Records contained in a dataset:
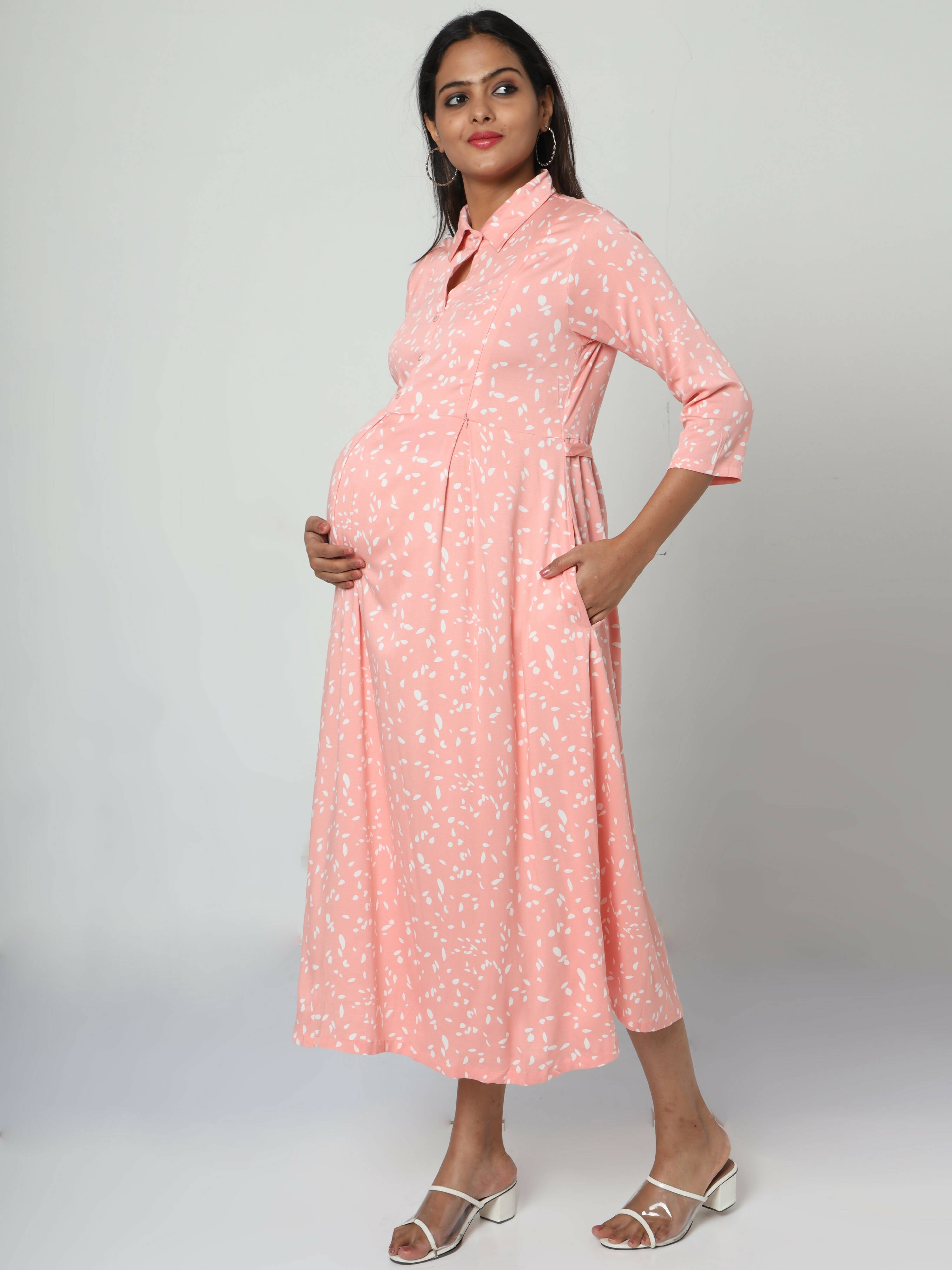 Manet Three Fourth Maternity Dress White Dot Print With Concealed Zipper Nursing Access - Pink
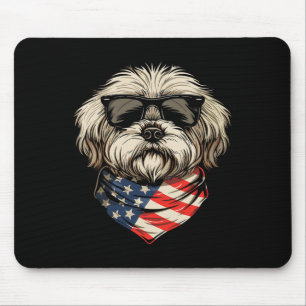 Patriotic American Shih Tzu Usa Flag Dog 4th Of Ju Mouse Pad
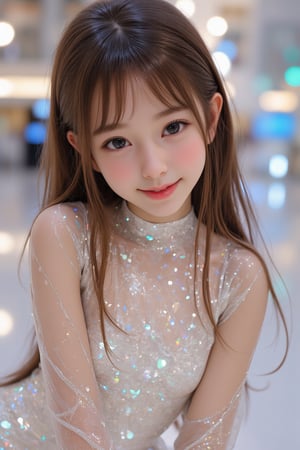 super cute loli face,  
very beautiful loli girl, 
(japanese idol face:1.3),14 yo,
happy cheerful smile,
(sparkling clear attractive large eyes:1.4), 
cheerful smile,
long brown hair,
super smooth and very silky hair, 
fair skin,
long see-through bangs,
(super shiny holographic transparent white ball gown dress:1.3),
(realistic photograph:1),
row photo,
(tight-fit costume with very smooth and strong reflective mirror-like surfaces:1.1),
ball hall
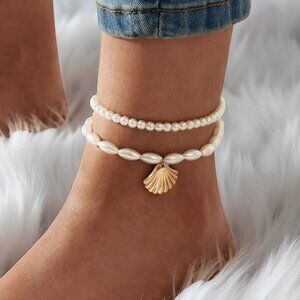 Coastal Charm Shell Anklet Set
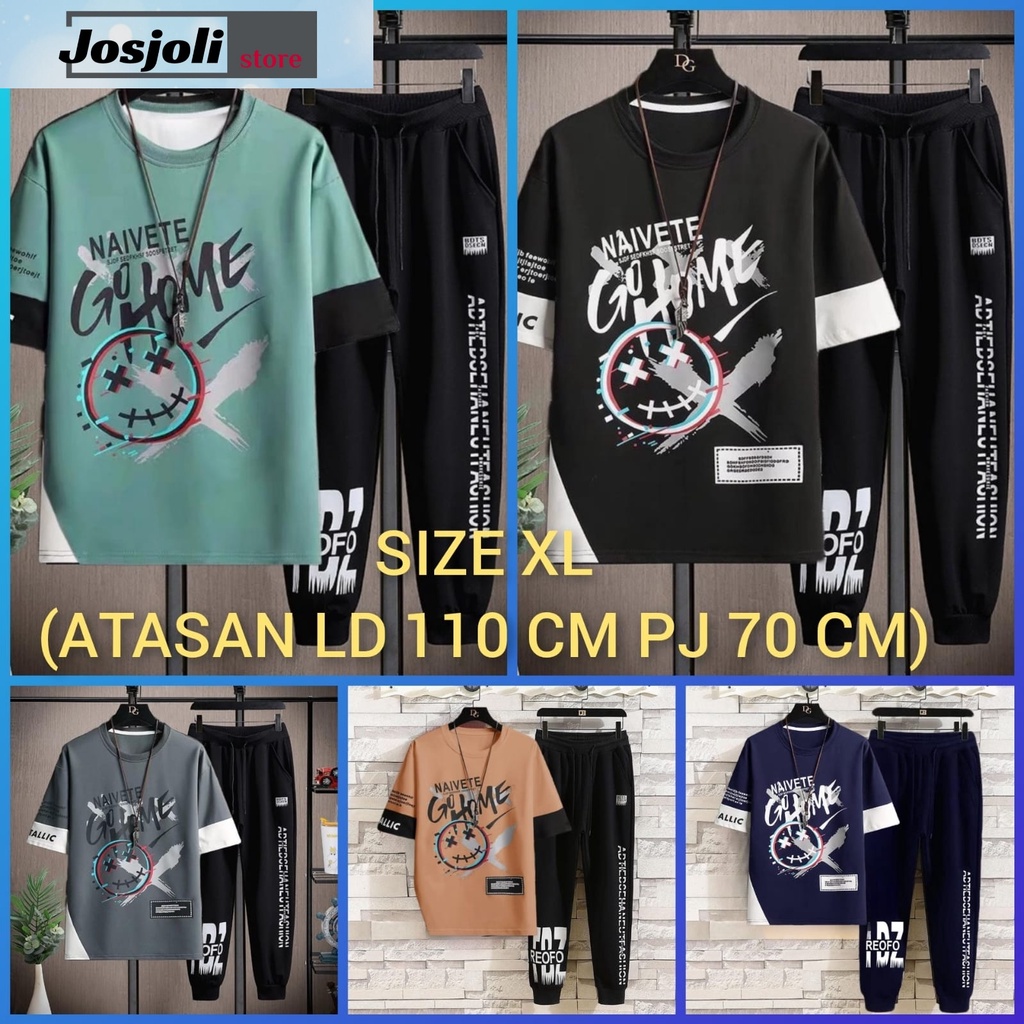 JOSJOL_STORE/Stelan Nai/Satu Stel Atasan dan Bawahan Pria Dewasa Lengan Pendek/Fit L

Work instructions
Retype each entry above character for character; pictures stay out.

Written response
 Manet Three Fourth Maternity Dress White Dot Print With Concealed Zipper Nursing Access - Pink
 Patriotic American Shih Tzu Usa Flag Dog 4th Of Ju Mouse Pad
 super cute loli face,  
very beautiful loli girl, 
(japanese idol face:1.3),14 yo,
happy cheerful smile,
(sparkling clear attractive large eyes:1.4), 
cheerful smile,
long brown hair,
super smooth and very silky hair, 
fair skin,
long see-through bangs,
(super shiny holographic transparent white ball gown dress:1.3),
(realistic photograph:1),
row photo,
(tight-fit costume with very smooth and strong reflective mirror-like surfaces:1.1),
ball hall
 Coastal Charm Shell Anklet Set
 JOSJOL_STORE/Stelan Nai/Satu Stel Atasan dan Bawahan Pria Dewasa Lengan Pendek/Fit L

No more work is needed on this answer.